For Indian salaried individuals trying to decide which regime to opt for. Full slab logic for both, all the standard deductions (80C, 80D, HRA, home loan interest), and a clear breakdown of which saves you more and by how much. No login, no email gate.

Role

Designer · Frontend Developer

Timeline

1 weekend

Team

1 person

Scope

Frontend, Indian tax calculation

Why this exists

Every March, the same conversation. A salaried friend asks: "Should I be on the old regime or the new one?" Every existing calculator I send them is one of two things — a financial-advisor lead-magnet that asks for a phone number, or a journalist's story with a generic example that doesn't match their salary.

The math is not hard. It's a slab calculation, plus deductions, plus a comparison. The reason a simple, fast, no-login calculator doesn't exist is that there's no business model in it. Which is exactly why it's worth building.

What it does

Six inputs:

  1. Annual gross salary (CTC)
  2. Employer PF contribution (auto-detected if you check the standard 12% box)
  3. Section 80C contributions — PPF, ELSS, life insurance premium, principal home loan
  4. Section 80D — health insurance premium, self and parents
  5. HRA — rent paid, basic salary component, metro/non-metro flag
  6. Home loan interest — Section 24

Two outputs side-by-side: tax payable under the old regime, tax payable under the new regime. Difference highlighted in colour. A one-line summary: "On new regime, you pay ₹47,200 less. Switch."

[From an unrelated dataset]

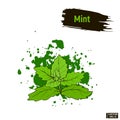 Colored sketch mint leaves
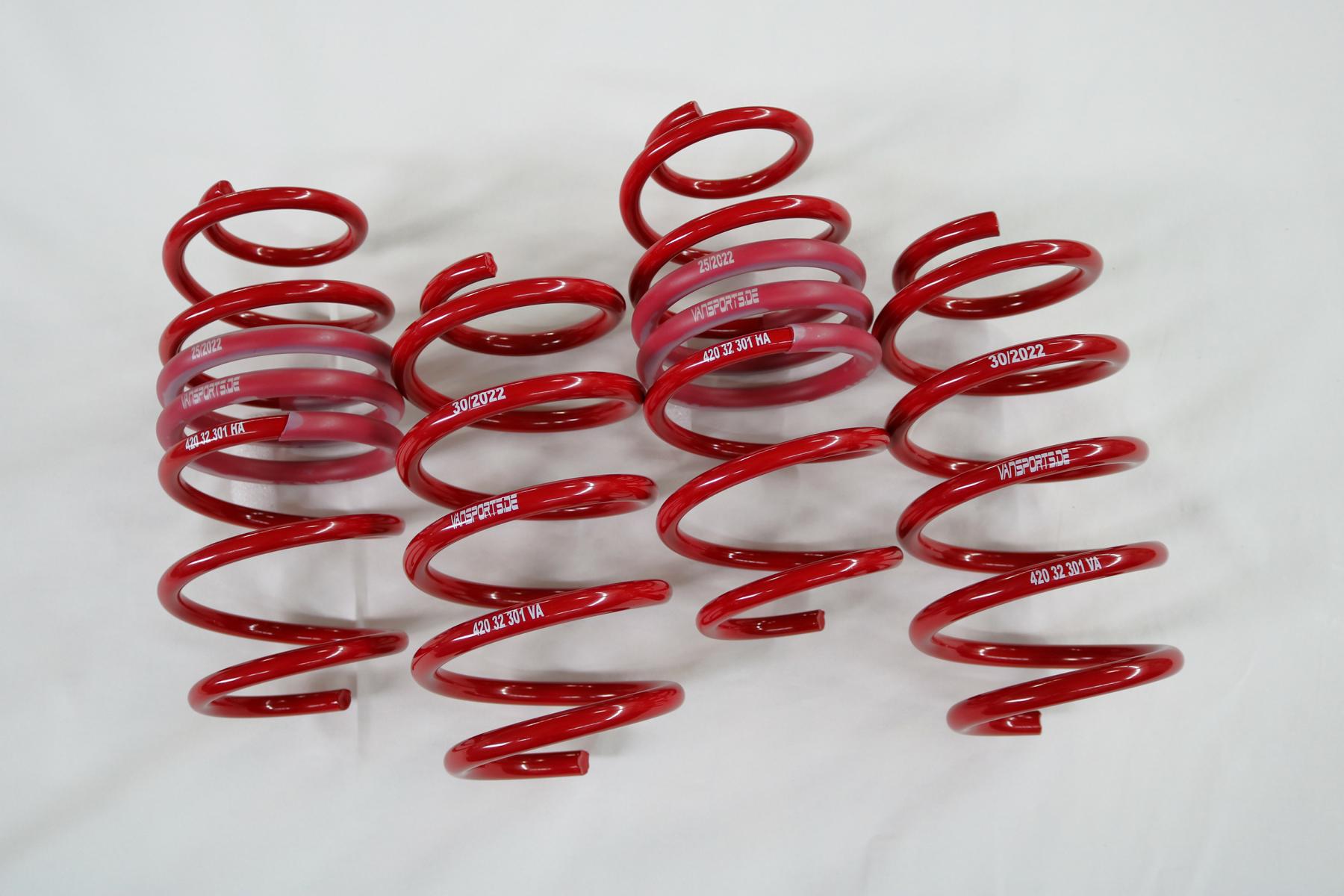 Sportfedersatz für Renault Kangoo Typ: RFK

A "show the working" toggle that walks through every slab and every deduction so the user can verify the math themselves.

How it's built

  • Frontend-only. Static export. Hosts on Vercel free tier.
  • All math runs client-side. Zero data leaves the browser.
  • Slab tables and deduction limits in a slabs.ts file — easy to update next financial year.

What it isn't

Not a tax-filing service. Not a CA replacement. Not for capital gains or business income.

Specifically for salaried individuals deciding between regimes. That's a constrained-enough problem that one good calculator can solve it for everyone.

Why it doesn't exist yet

The blocking issue is trust. Tax math is the kind of thing where users want a credible source. A no-name calculator on a personal portfolio site has to earn that credibility — by showing the working, citing the slab tables to the actual government source, and being transparent about the assumptions.

I want to ship this with a "verified against the official income tax department calculator" badge — which means running 50-odd test cases and matching outputs to the rupee. That's the work I haven't done yet.